Knightley, last seen on the West End stage playing a Hollywood actress in The Misanthrope, delivers her part – of a bobbed and tweeded 1930s schoolmistress falsely accused of having a lesbian affair – with a fine-boned bleakness. She is restrained and contained, at times to the point of vacancy, making some of her effects by tilting herself in the direction of the audience as if they were her camera. Elisabeth Moss, gleamingly voracious in Speed-the-Plow a couple of years ago on Broadway, plays the other accused with more decision. There is vinegar in her voice; her gestures (apart from a wearingly repetitive flinging apart of her arms) are pinched.

Still, the real acting story is elsewhere. Both women look one-dimensional beside the tumbling energy of Bryony Hannah as the schoolgirl who accuses her teachers and causes their ruin. This is a child with a dybbuk inside her, who doesn't so much flop on to a sofa as somersault into it. She often looks as if she's head-butting an invisible antagonist. She is almost entirely unlovable. It is as if she has punched her way into the play from an entirely different school of acting.

Her very energy makes a fissure in the play. Or perhaps exposes a faultline. The Children's Hour isn't much good. Rickson does his best to import some inflections. Mark Thompson's pale wood design, with elongated doors, and bookshelves too high for any teacher to reach, makes the schoolmistresses into children in their own house. Still, as the plot rasps (who would believe this nasty kid?), the interest of the play now looks adventitious. It has a political dimension. First staged in 1934, the play was revived in 1952, when it rivalled Miller's The Crucible as a dramatic metaphor for the hounding of Communist sympathisers. It also has a biographical allure. Lillian Hellman, who wrote a play that hinged on a lie, would herself be loudly accused of lying. She had two McCarthys in her life: Senator Joe, at whose anti-Communist hearings she refused to name names, and author Mary, who was to declare that every word Hellman wrote was an untruth, "including 'and' and 'the'".

This background has lent The Children's Hour a thrill. But it hasn't supplied it with a rich vocabulary. Hellman would have done better to use more of the 19th-century Scottish case on which she based her play. According to court documents, the tattling child talked of the noises she heard at night with an immediacy absent from The Children's Hour: they were, she said, like the sounds made by "putting a finger into the neck of a wet bottle" or by a "dairy maid patting butter".

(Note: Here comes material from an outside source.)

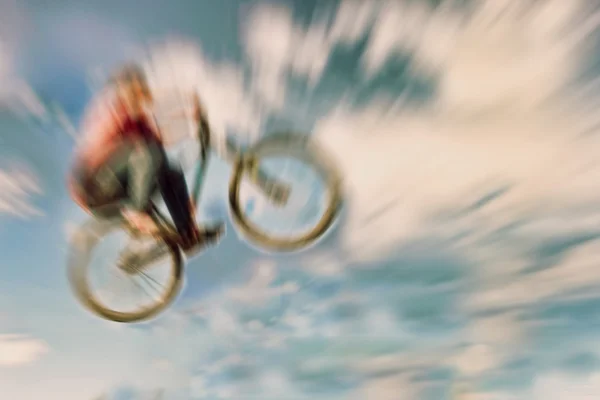 Abstract background. Boy on a BMX mountain bike jumping. Motion — Stock Photo, Image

A year after he took over as artistic director, Daniel Evans is impressing himself further on Sheffield Theatres with a season of David Hare plays. Evans will direct Racing Demon, and Peter Gill The Breath of Life; there are to be readings and discussions; Hare will perform his Middle East monologue Via Dolorosa. They could have called it Hare!

The season opens with Plenty, which moves from 1943 to 1962, charting the waning of social-democratic hope in postwar Britain through the disintegrating life of a diplomat's wife. The "plenty" of the title comes to look by the end of the evening more than ironic: it's as if Hare were actually saying enough, already. The play's targets – establishment fustiness, snobbery, racism and duplicity – aren't surprising, but the serpentine subtlety of the plotting is. It unwinds by looking at different kinds of lies: the principled subterfuge of wartime resistance, the truth-fudging of diplomacy, the tawdry disguises of advertising. Its attitudes are a Hare-brained mixture: both principled and progressive – not many dramatists make a woman representative of an era – and sentimentally flawed, since that woman, sensitive, volatile, beguiling, is aflutter with traditional femininity.

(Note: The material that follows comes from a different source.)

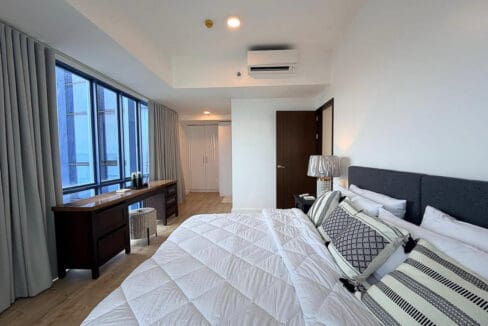 Master bedroom with split-type air conditioning, built-in wardrobe, and grey curtains in the 2BR condo for rent at 38 Park Avenue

Thea Sharrock who, surprisingly for someone who ran the small Gate with radical zeal, is turning herself into the queen of revivals, renders the play meticulously, with a distilled sense of loss: the shadows are long; the bursts of string music are low; rain falls. Plenty may have had the force of anger when first produced in 1978; now, it has an autumnal air of inevitability. There is prescience in this: when a character inveighs against the Suez invasion, both Iraq and Mubarak leer from the wings. It is enhanced by Sharrock's direction: between scenes, Hattie Morahan is slipped into a series of costumes onstage – including a magnificent New Look frock in twilight shades with a shawl collar that, with Morahan in high heels and blond chignon, emphasises her misleading Grace Kelly cool. It's a wonderful device, making Morahan's character seem constantly exposed and always the toy of events. Morahan herself – from the beginning wide-eyed as if she is seeing too much – steers an exemplary fine line between fragile and brittle. Edward Bennett's crumpled and crusty husband meets her, suggesting a wistful glimmer underneath his waistcoat.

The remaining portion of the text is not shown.